The Mellanox OCP NIC shows uneven data transfer speeds.
The Mellanox OCP NIC shows uneven data transfer speeds.
I made my final attempt at getting help before returning this server. I bought a Tyan 1U model equipped with a Mellanox 25Gb/s NIC (OCP card). The part number is MCX4411A-ACUN. We don’t currently have 25Gb/s clients; ours are limited to 2.5Gb/s, while our switches each have two 10Gb/s SFP+ ports—normally used only for connecting switches, but here one port links to the Mellanox NIC’s SFP+ slot. The specs say it can handle 25Gb/s, 10Gb/s, and 1Gb/s. The switch and Windows report successful negotiation at 10Gb/s. I installed the latest drivers from Nvidia and ran tests. Files sent to the server moved at normal rates (about 285MB/s), but outgoing transfers were slower, averaging around 85MB/s. After confirming storage speeds were fine, I used iperf3 to check performance. The results showed similar speed differences between sending and receiving. I shared two test runs: one with the server as the target and one as a client. I also experimented with swapping cables, switches, and even got a new Mellanox card, but nothing changed. Any advice would be appreciated.
The client requirements are detailed. NIC specifications are included.
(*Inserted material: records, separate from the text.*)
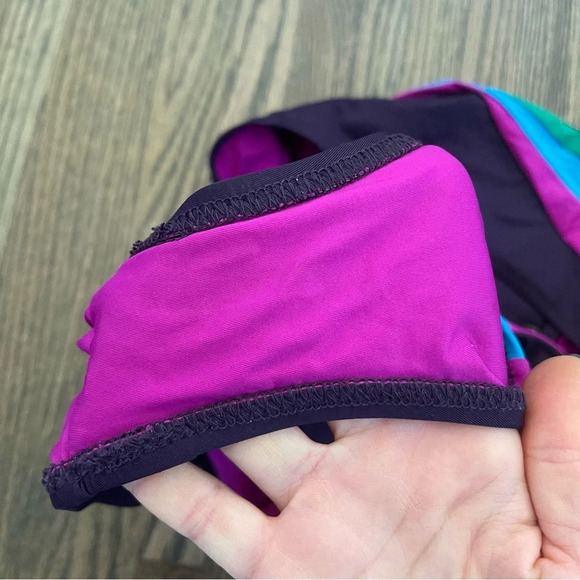 Becca by Rebecca Virtue purple strappy cutout one piece swimsuit size large - Picture 7 of 8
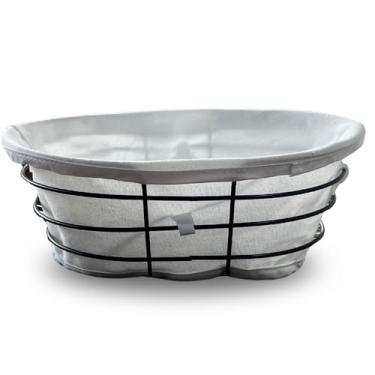Imagem de Cesta de Pão Oval, Cesto de Frutas Oval em Arame com Forro em Tecido – Fruteira Aramada, Cestinha Minimalista, Decorativa e Funcional para Mesa de Café ou Jantar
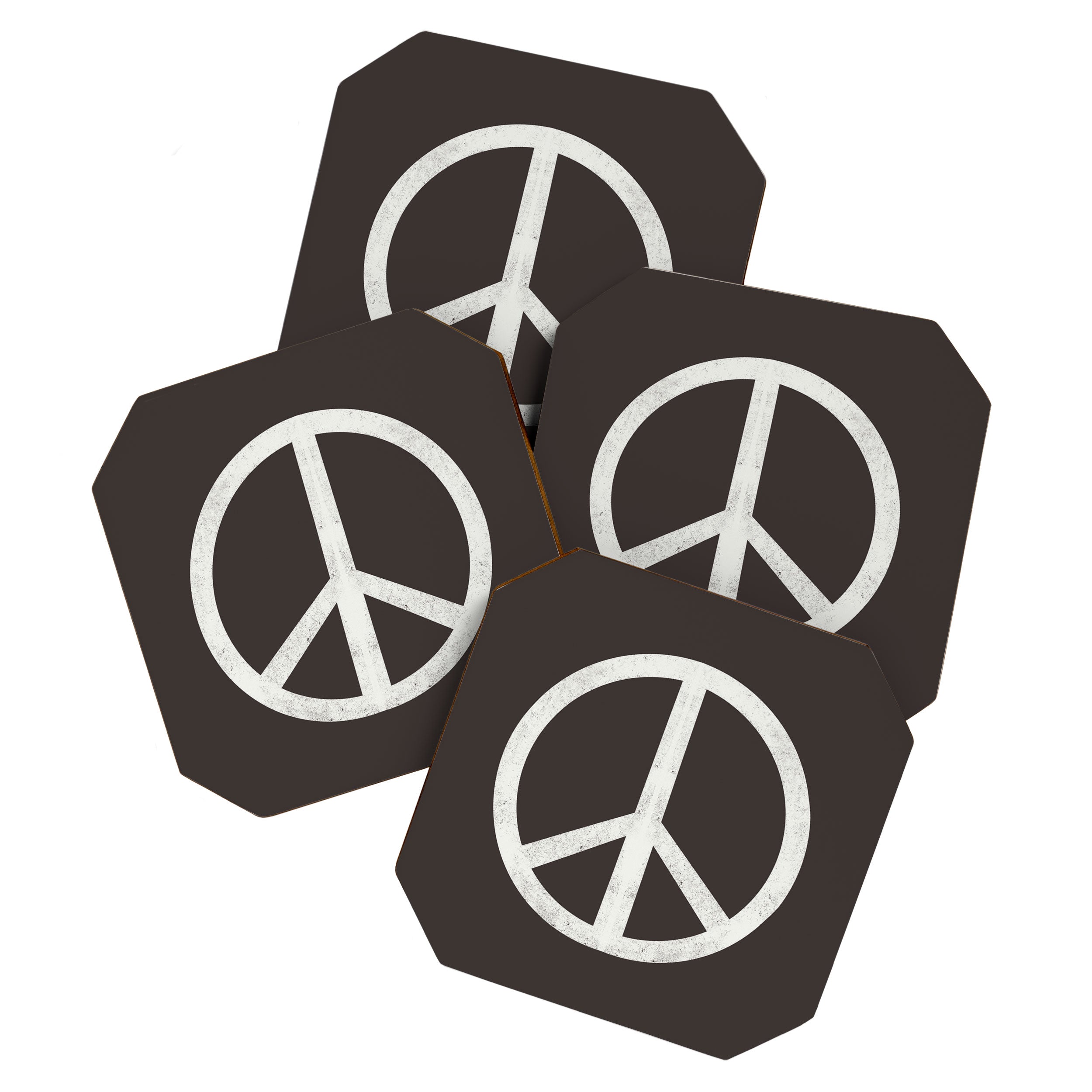 Peace - peace flag, peace, love, woodcut, linocut, vintage, hippie, happy Coaster Gallery Image 1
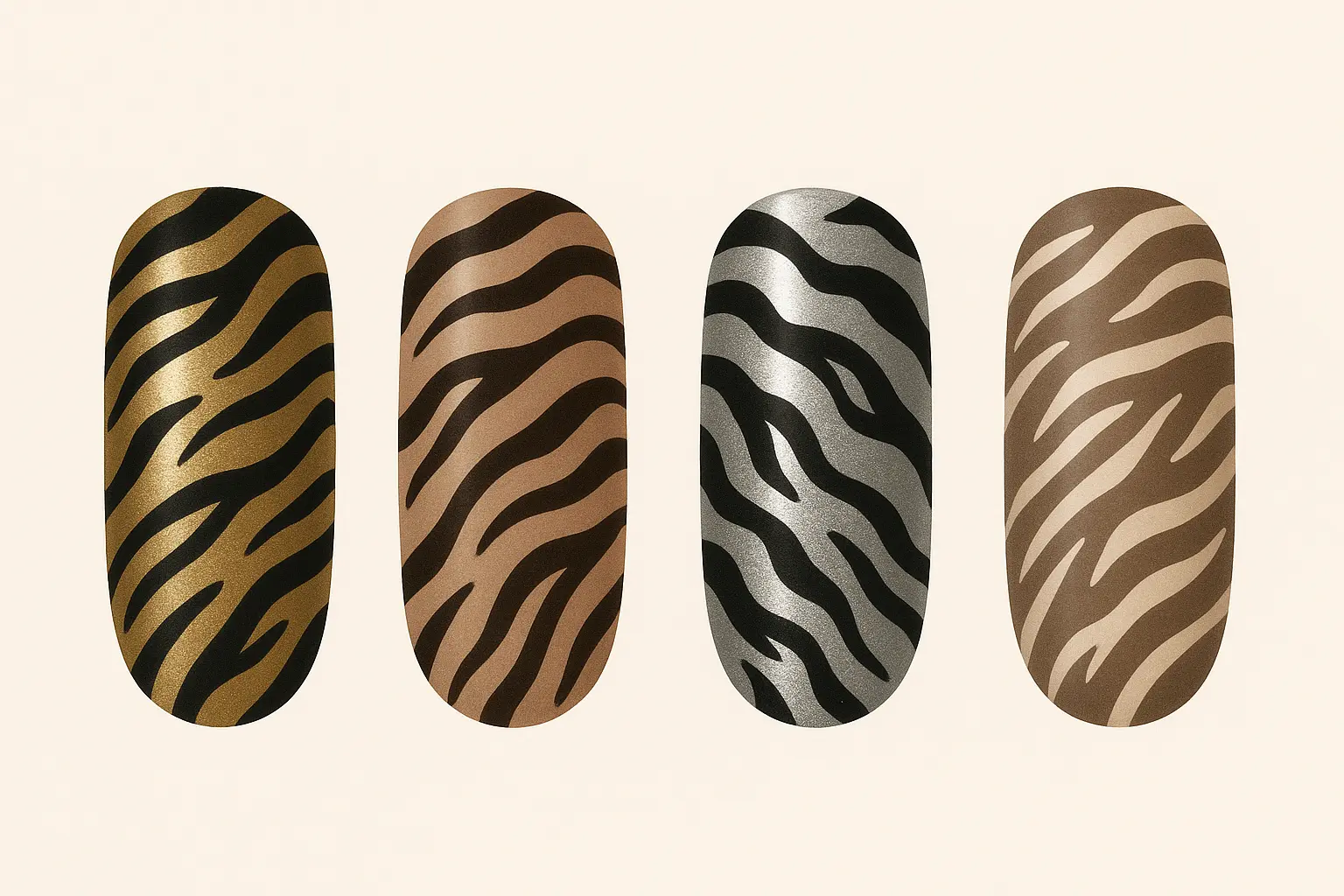 Modern tiger print acrylic nails with metallic finishes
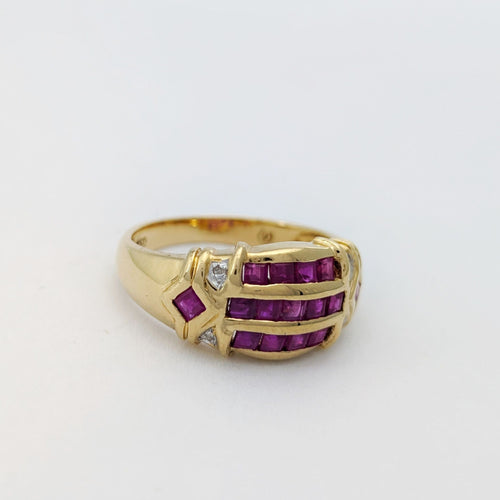 Bague 52 Bague en Or Jaune, Rubis et Diamants 58 Facettes 32229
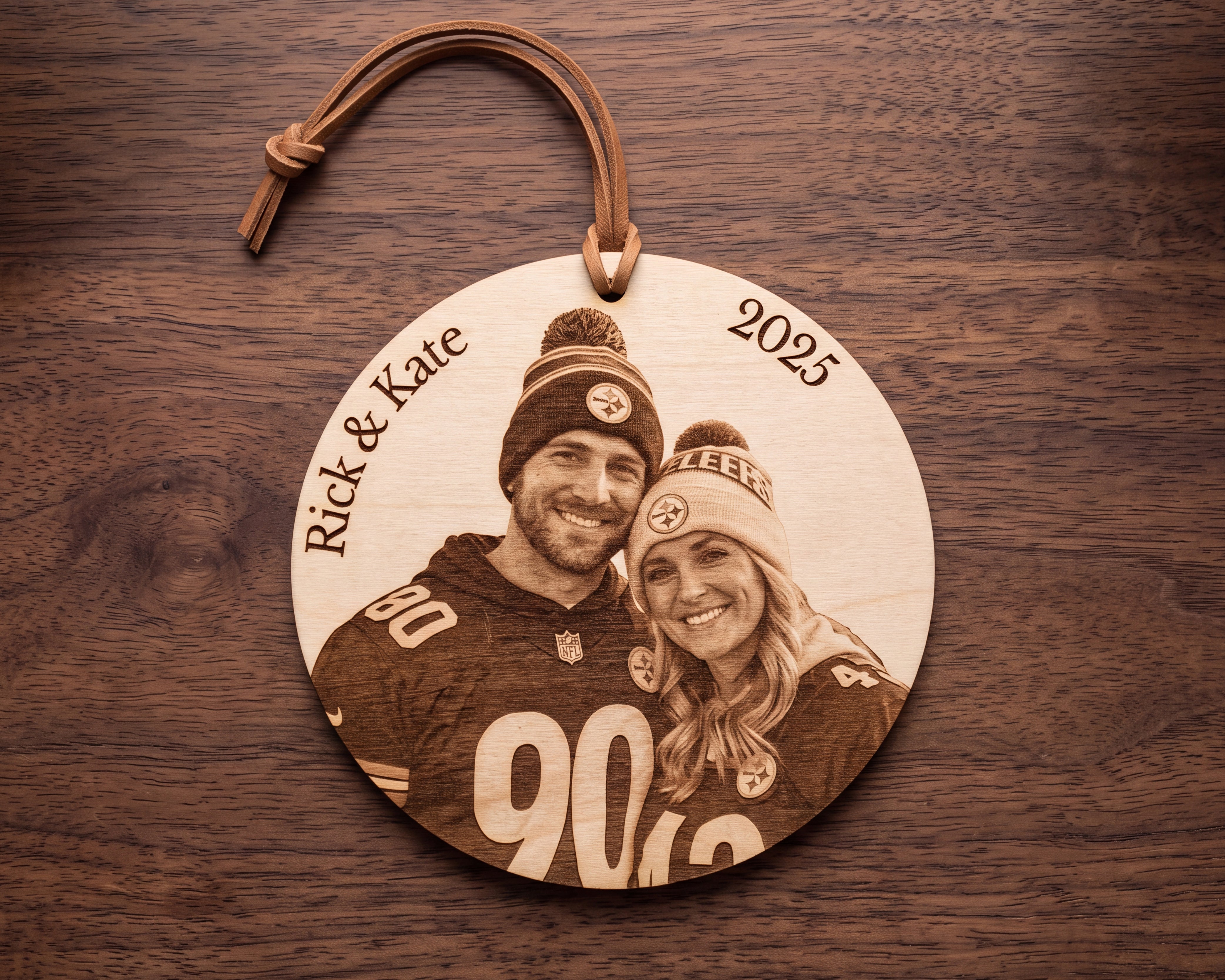 Custom Photo Engraved Wood Christmas Ornament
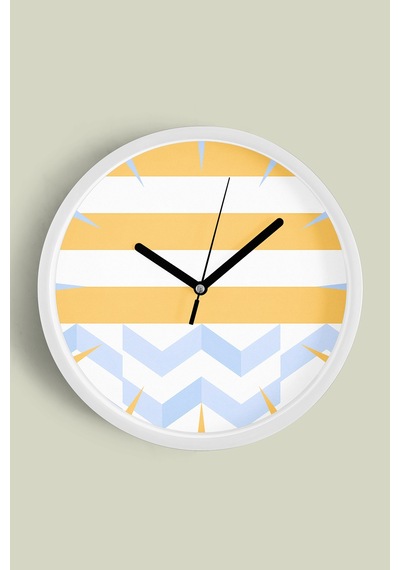 Modern Tasarım Duvar Saati - 25cm - Önü Camlı Beyaz Kasa - Sessiz Mekanizma-jh0409 Beyaz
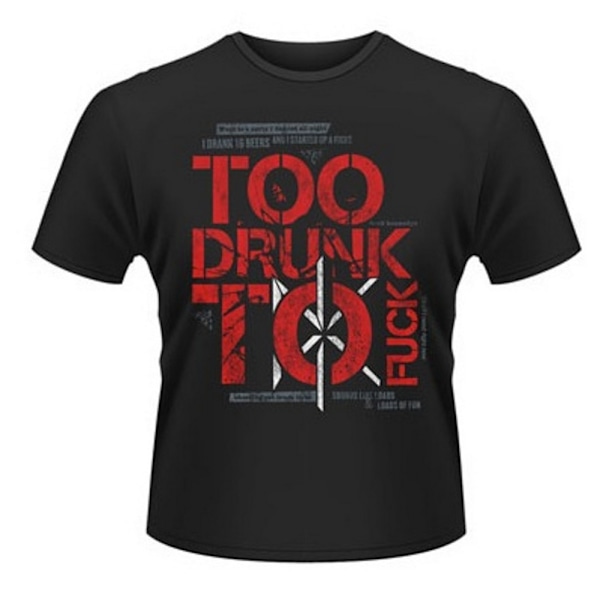 Dead Kennedys Unisex Adult Too Drunk To Fuck Bomull T-Shirt S B Black S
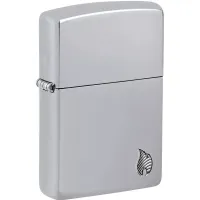 Зажигалка армированная бензиновая ZIPPO Armor® High Polish Chrome Flame Design зеркальный хром (46396)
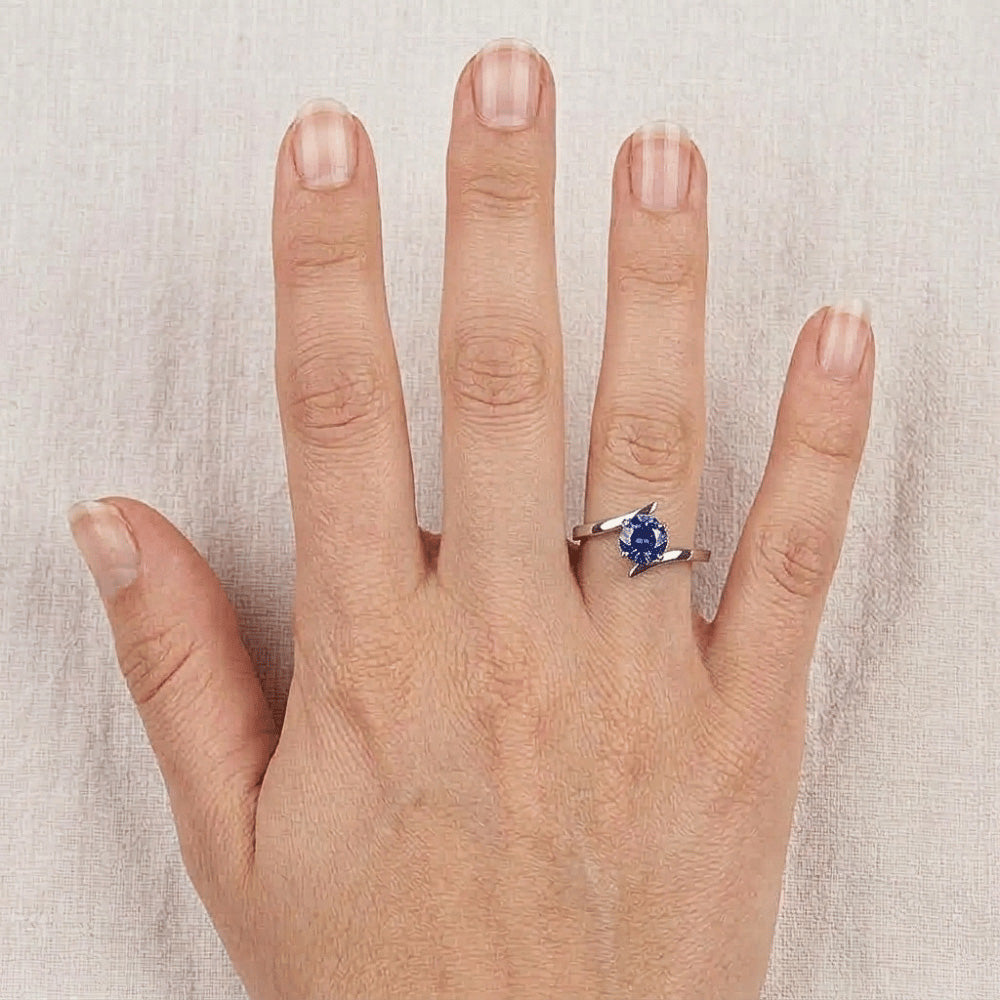 Solitaire Engagement Ring Ceylon Blue Sapphire 1 Carat Bypass Style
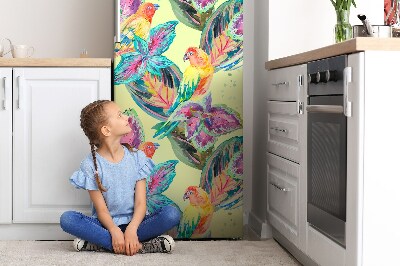 Cache frigo magnetique Perroquets colorés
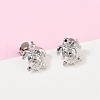 Brass Stud Earrings EJEW-R032-03P-1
Interesting note: using -R flips the test, avoiding changes on the server side. This problem persists in newer Windows Server releases. I've faced network speed problems with Win10 that Win11 resolves, likely due to driver conflicts in Linux 6.x kernels—though that’s a long story.
No unmanaged switches detected. I've tested every flow control setting between the server and client on the devices. It seems this issue likely lies with the NIC or its driver, since a separate NIC in the PCIe slot works without problems.
I don’t have any additional links at 10Gb/s. Buying a crossover cable and relocating the PCIe NIC to another machine might help, but I’m not sure what results would be. The 10Gb port on the switch is functioning properly with the other 10Gb NIC.
Crossovers are no longer required (since the era of 10/100). The switch as a bottleneck has been removed and it's now part of the software stack. I think the problem might lie in flow control shifting from 25G to 10G or with a Mellanox driver issue—both are common. Personally, I've had to replace three out of four Mellanox NICs I owned... I don't really like them. On the other hand, the ixgbe driver problems with Intel 10G NICs weren't great, but at least they worked in general.
Absolutely, upgrading my Linux server to 10Gbit required turning on Flow Control so it could connect smoothly with slower Windows clients. Previously, I was limited to 300Mbit to Gigabit clients. Even now, I still face problems where the Windows transmission speed lags behind its receiving speed. It seems the current Windows network stack behaves unpredictably—sometimes changing between updates or even across different machines sharing the same NIC.
I hoped for a better outcome. Flow Control was configured as Rx and Tx by default in the driver. Turning each off separately or both off didn’t change the speeds from the server. The only success came from using many parallel streams—something unnecessary with the other 10G NIC.